What is needed - Omitting the pictures, restate all of the entries below exactly.

[Web page caption snippets]
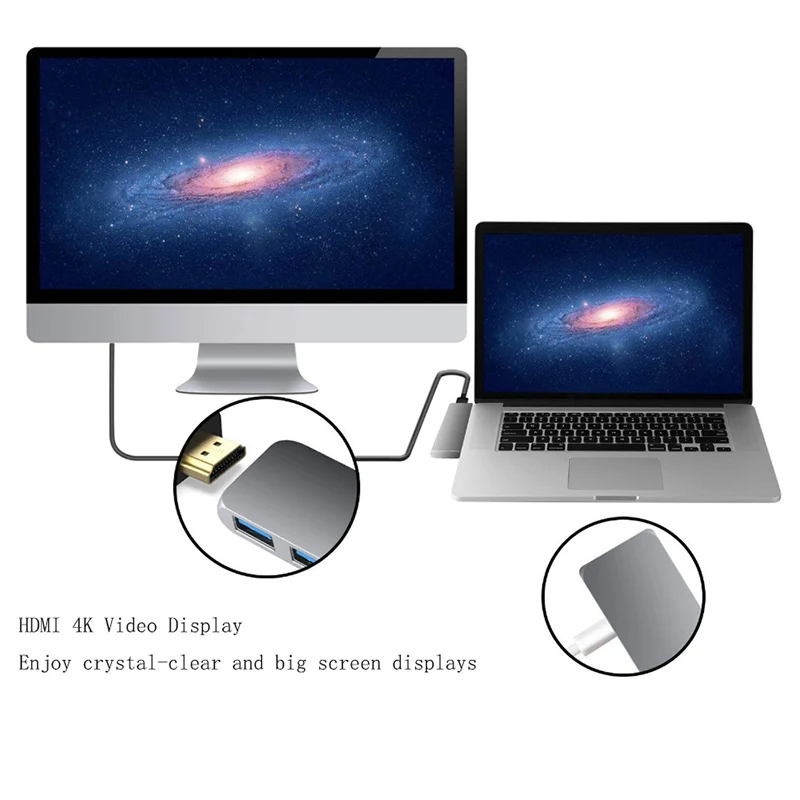 SZ-WXDZ USB-C Type C HUB 7in1 Dual USB 3 1 док-станция с HDMI 4k * 2 USB3.0 SD/TF кардридер для MacBook Pro |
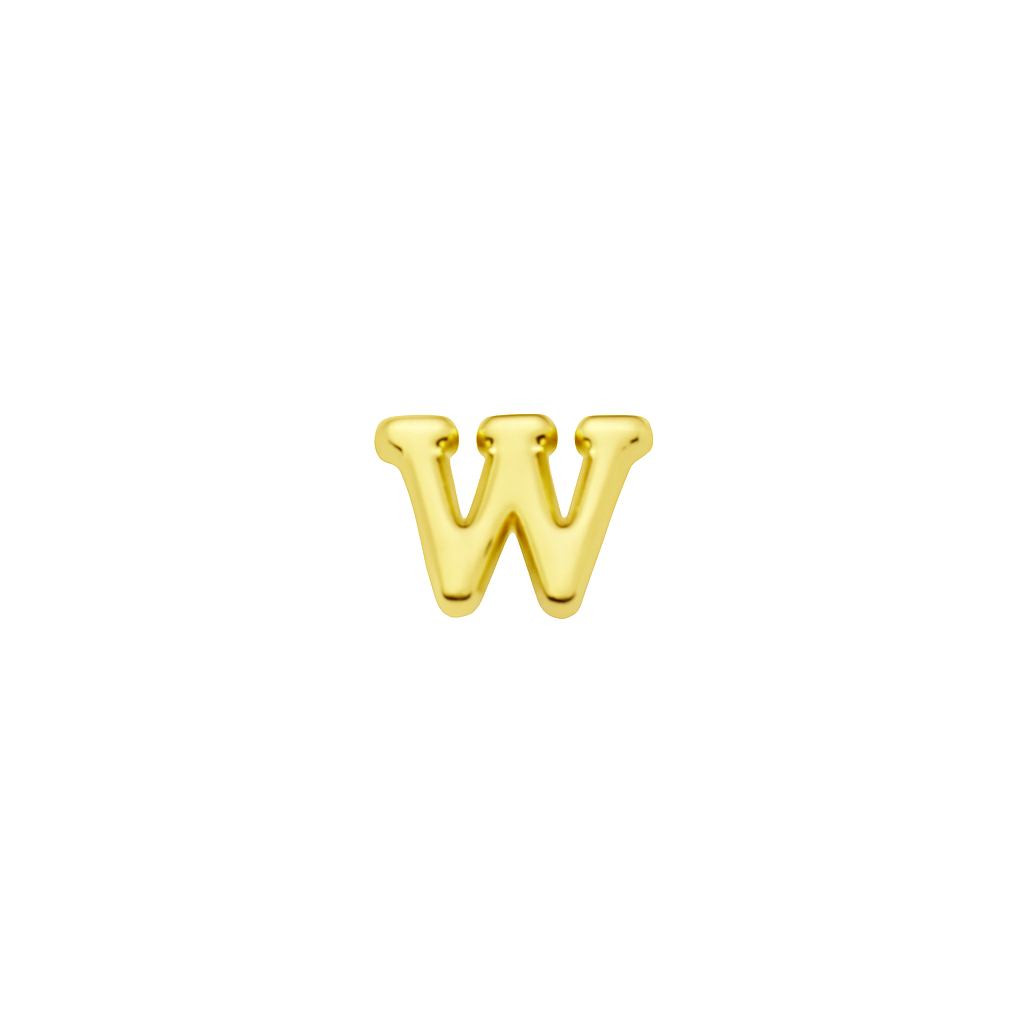 GOLD LETTER CHARM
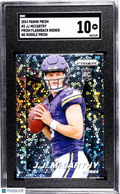 JJ Mccarthy 2024 Prizm Flashback No Huddle Disco Prizm RC Vikings SGC 10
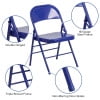 thumbnail image 6 of Flash Furniture 2 Pack HERCULES COLORBURST Series Cobalt Blue Triple Braced & Double Hinged Metal Folding Chair, 6 of 14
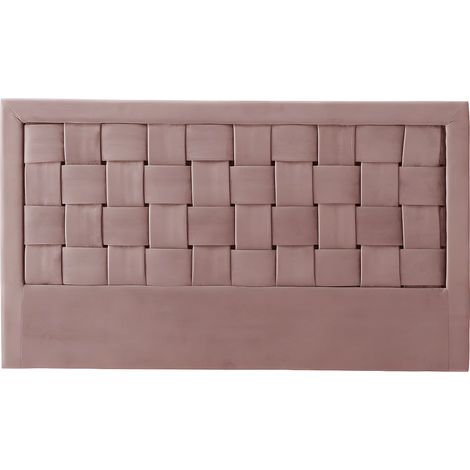 Testata 160 cm Velluto Rosa antico - JENNA (1/5)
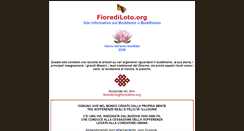 Desktop Screenshot of fiorediloto.org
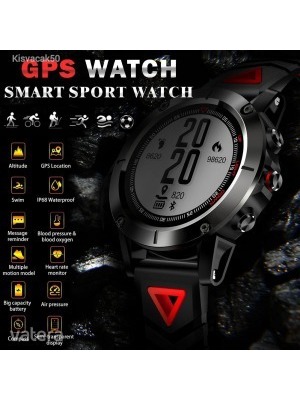 1x Sport óra okosóra Fitness Tracker lépésszámláló IP68 vízálló pulzusmérő iránytű GPS Android IOS << lejárt 590796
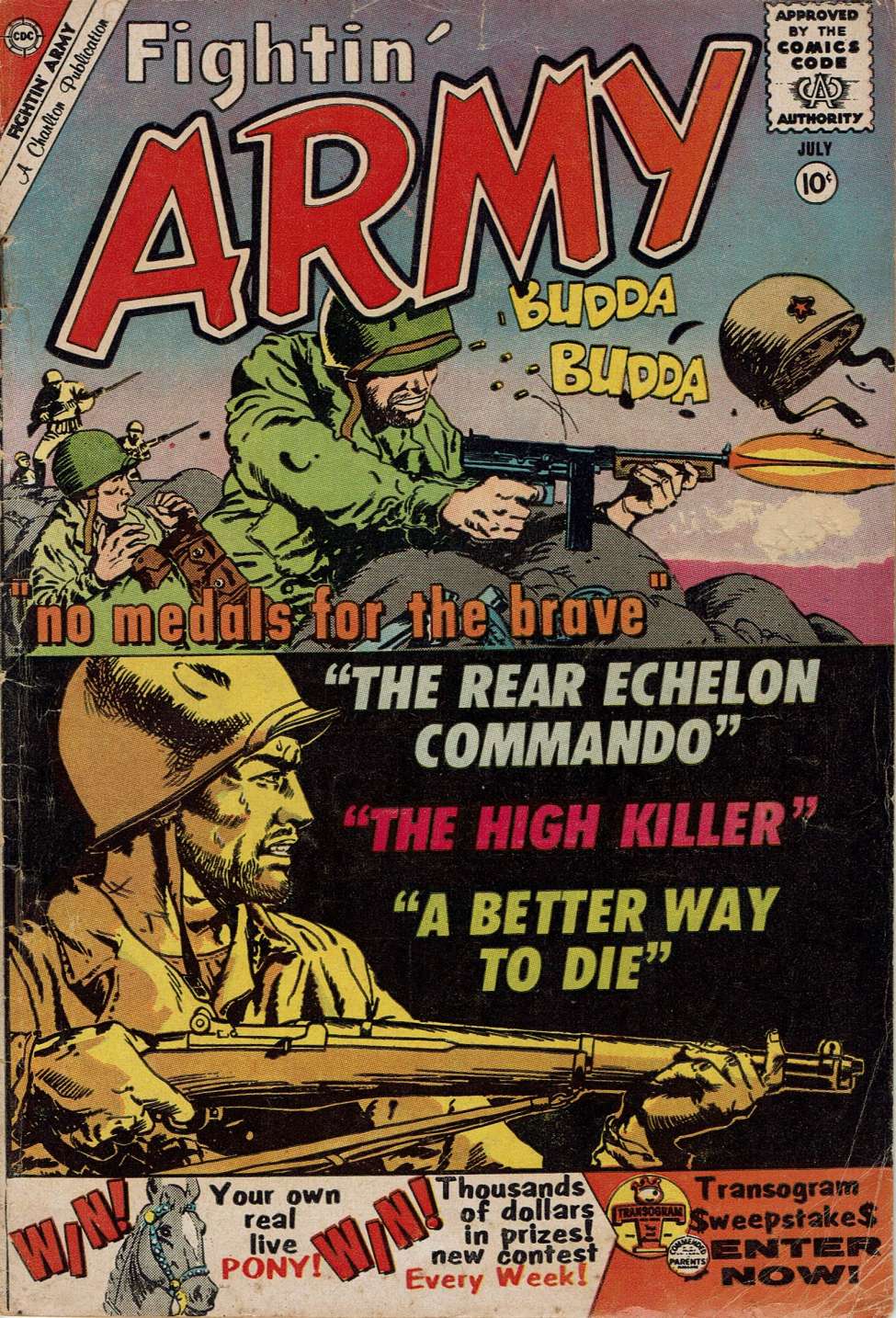 Book Cover For Fightin' Army 36
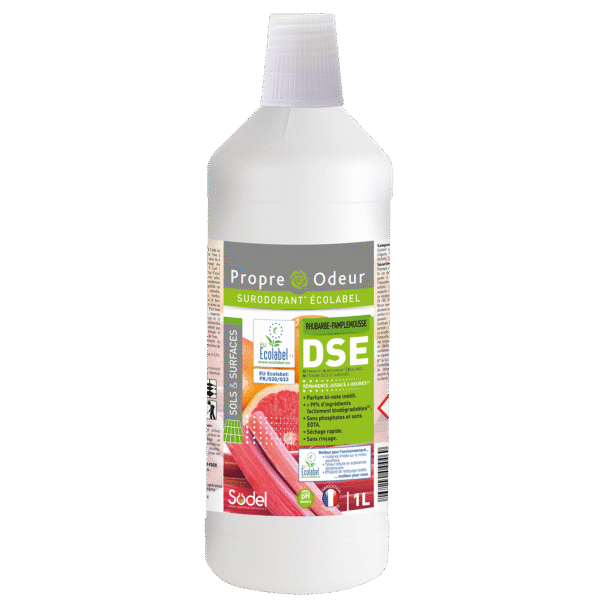 Détergent surodorant cannelle-coco Écolabel dse carton de 6 x 1 l - SODEL - Produits d'entretien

Task response -
 SZ-WXDZ USB-C Type C HUB 7in1 Dual USB 3 1 док-станция с HDMI 4k * 2 USB3.0 SD/TF кардридер для MacBook Pro |
 GOLD LETTER CHARM
 JJ Mccarthy 2024 Prizm Flashback No Huddle Disco Prizm RC Vikings SGC 10
 thumbnail image 6 of Flash Furniture 2 Pack HERCULES COLORBURST Series Cobalt Blue Triple Braced & Double Hinged Metal Folding Chair, 6 of 14
 Testata 160 cm Velluto Rosa antico - JENNA (1/5)
 Desktop Screenshot of fiorediloto.org
 1x Sport óra okosóra Fitness Tracker lépésszámláló IP68 vízálló pulzusmérő iránytű GPS Android IOS << lejárt 590796
 Book Cover For Fightin' Army 36
 Détergent surodorant cannelle-coco Écolabel dse carton de 6 x 1 l - SODEL - Produits d'entretien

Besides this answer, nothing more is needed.